Mujtaba menggelengkan kepalanya perlahan, matanya menatap jauh ke cakrawala seolah melihat realitas kehidupan yang enggan dibantah.

“Kau terlalu idealis, Charis” ujarnya, “Hari ini kita hidup di dunia nyata, dunia yang menuntut kita mengendarai motor, berkomunikasi lewat gadget, hidup dan bergerak dengan bantuan teknologi.
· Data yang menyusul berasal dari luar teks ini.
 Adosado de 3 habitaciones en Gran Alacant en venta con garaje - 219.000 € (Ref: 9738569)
Selain diwajibkan belajar dan menguasai keilmuan yang sanggup mengawal kita atas nama pribadi, kita juga dituntut untuk belajar dan menguasai ilmu yang mampu memberi kontribusi nyata pada peradaban, karena selain berstatus sebagai hamba, kita juga memiliki status lain, khalifah Tuhan yang dipasrahi untuk mengelola bumi ini.”

Percakapan kedua santri amatir itu seolah menggambarkan satu luka lama dalam dunia pemikiran: "dikotomi ilmu" . Seakan-akan ada dua jalur yang tidak akan pernah bisa disatukan dalam satu pelaminan, ilmu agama dan ilmu dunia. Lalu manusia dipaksa untuk memilih: menjadi orang suci atau menjadi orang pandai.
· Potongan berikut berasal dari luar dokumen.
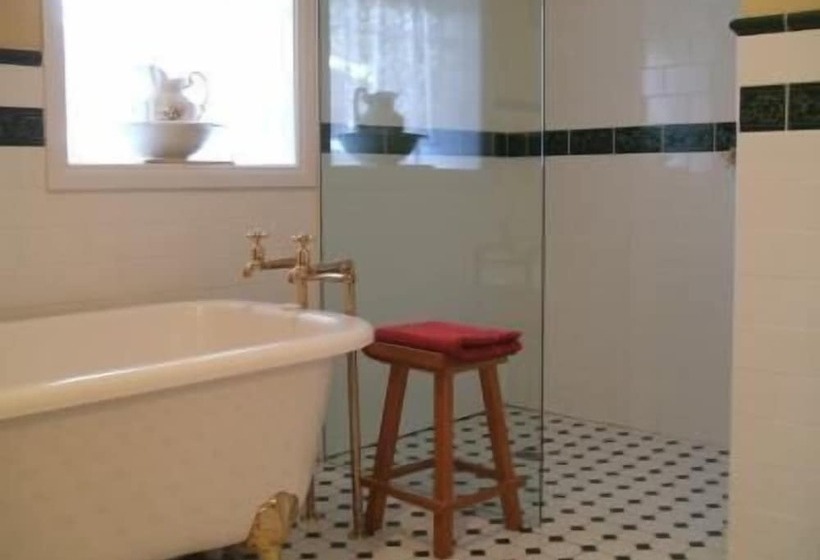 酒店 Touchwood Cottages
Namun benarkah demikian adanya?


Sebenarnya, ilmu tidak pernah terbagi secara hitam-putih. Yang membedakan bukan jenisnya, melainkan derajat kebutuhan (skala prioritas) dan orientasi kemanfaatannya. Ada ilmu yang wajib atas setiap individu, fardhu ‘ain, dan ada pula yang menjadi kewajiban kolektif, fardhu kifayah. Keduanya adalah bagian dari khazanah ilmu Tuhan, keduanya memiliki peranan penting dalam bangunan peradaban yang utuh.
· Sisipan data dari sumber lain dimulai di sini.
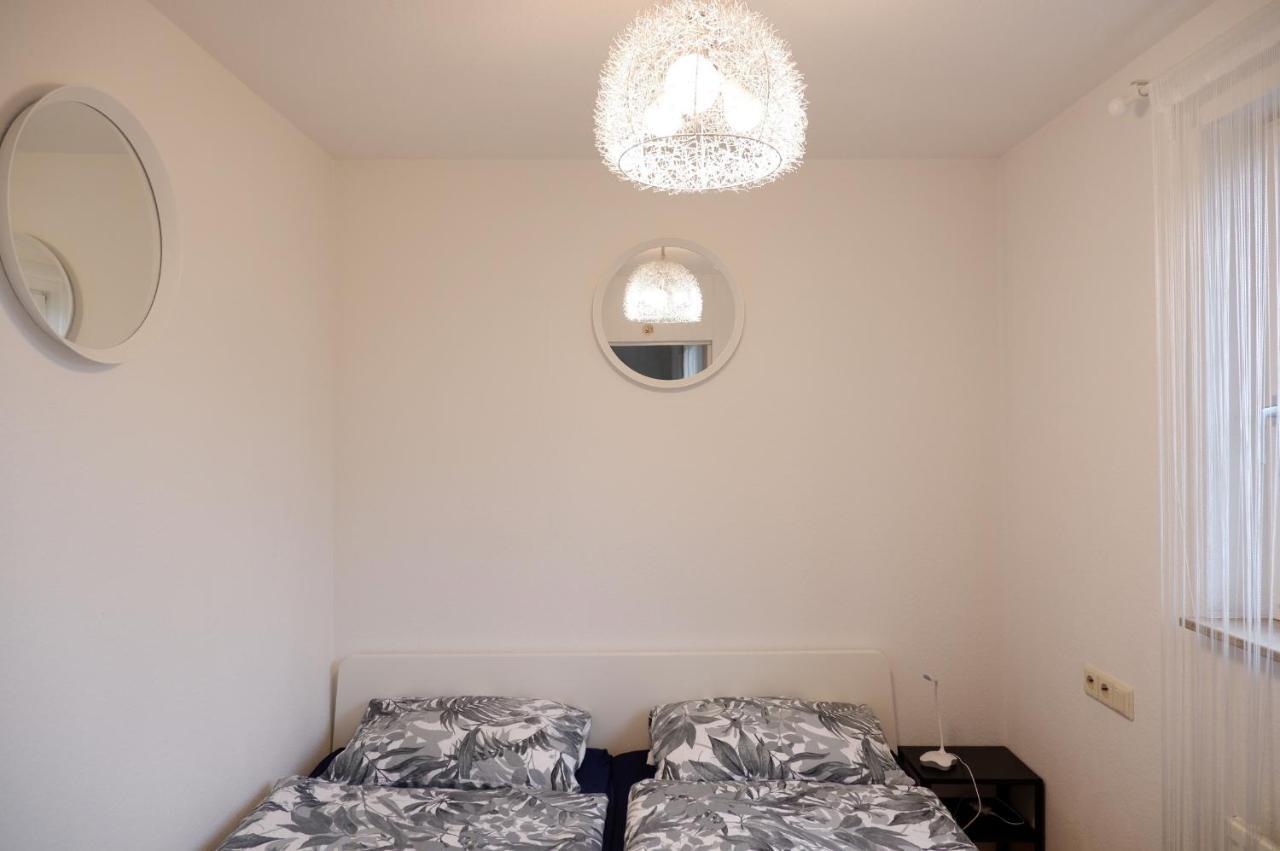 Outletcity Apartment Ferienwohnung Metzingen Metzingen  Kültér fotó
Ilmu fardhu ‘ain adalah dasar, fondasi kehidupan seorang muslim: mengenal Tuhan (ilmu tauhid), memahami tata cara shalat, bersuci, berpuasa, menunaikan zakat bila mampu, menjauhi transaksi haram sebelum menjalaninya (ilmu fikih), dan mengatur spiritual kejiwaan menerima segala yang ditetapkan-NYA (ilmu tasawwuf). Itulah batas minimal agar seorang muslim tidak hidup dalam kebodohan yang berdosa.

Setelah pondasi itu kokoh, terbukalah ruang untuk memilih. Ingin menjadi dokter, insinyur, ahli pertanian, pakar teknologi, atau menghafal Alquran, menekuni tafsir dan hadits, semua itu bagian dari fardhu kifayah. Bila tidak ada satu pun muslim yang menekuninya, maka berdosalah seluruh komunitas.

Maka mengapa harus mencela pilihan orang lain, seolah satu lebih mulia dari yang lain? Padahal semua itu adalah bagian dari warisan ilmu Tuhan, yang diturunkan demi kehidupan yang lebih baik di dunia maupun akhirat.

Dan ironisnya, secerdas apa pun seseorang dalam ilmu-ilmu fardhu kifayah meskipun ia hafal ribuan hadits, menguasai teknologi canggih, atau menyelamatkan ribuan nyawa di ruang operasi, jika ia tak memahami syarat sah shalatnya sendiri, maka dalam pandangan syariat, ia tetap tergolong orang yang jahil.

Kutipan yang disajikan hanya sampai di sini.